One bit of potential good could come out of Michael Brown's death. Governor Jay Nixon has appointed a citizen's commission, not to review the killing but to conduct "a thorough, wide-ranging and unflinching study of the social and economic conditions that impede progress, equality, and safety in the St. Louis region."
Commission members will look into police-community relations, race relations, the court system, disparities in "education, economic opportunity, health care, housing, transportation, child care, business ownership, and family and community stability," and other areas.
That's a gratifying recognition of the seriousness and the depth of long-standing problems this country still hasn't dealt with satisfactorily – in Ferguson, in Rochester, and elsewhere.
It is simply a fact that many authorities, including police officers, treat African Americans differently than whites. But those "authorities" reflect a national divide. Because we don't really know one another and don't understand one another, many white Americans have reacted differently than blacks to the Ferguson shooting and the grand jury decision. We have reacted differently to the protests and the rage and violence that followed the grand jury's decision.

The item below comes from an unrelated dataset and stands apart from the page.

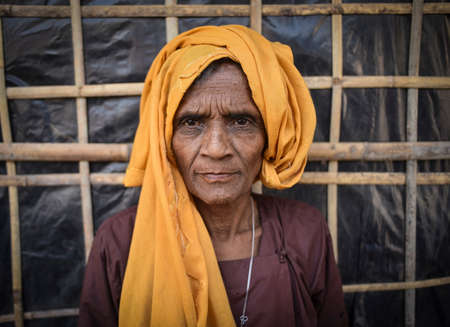 COX' BAZAR, BANGLADESH - MARCH 16, 2019 : Face of Rohingya refugees from Myanmar waiting for food...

And we react differently to the impact of poverty and the needs of the poor, especially when they are people of color.
African-American writer and feminist Bell Hooks wrote about "the intense anger felt by black people who experienced repeated instances of everyday racism," Kevin Cokley noted in the American Prospect last week. It is "critically important," Cokley wrote, "to try to understand the depths of hopelessness felt by some individuals that would lead to such violent protests."
Hopelessness, the despair and numbness of not seeing a path upward, leaves a mark. In his provocative last book, "Where Do We Go From Here: Chaos or Community?" Martin Luther King Jr. warned of the consequences if the country didn't deal with the racism, poverty, inferior education, and myriad other problems facing black Americans.
Pointing to the nation's enthusiasm for space exploration, King wrote: "No such fervor or exhilaration attends the war on poverty. There is impatience with its problems, indifference toward its progress, and hostility toward its errors."
The citizens of Ferguson are beginning to investigate a crisis in their community, of which Michael Brown's death is simply a part. But what about the rest of us? The comments lashing out at Lovely Warren don't give me much hope.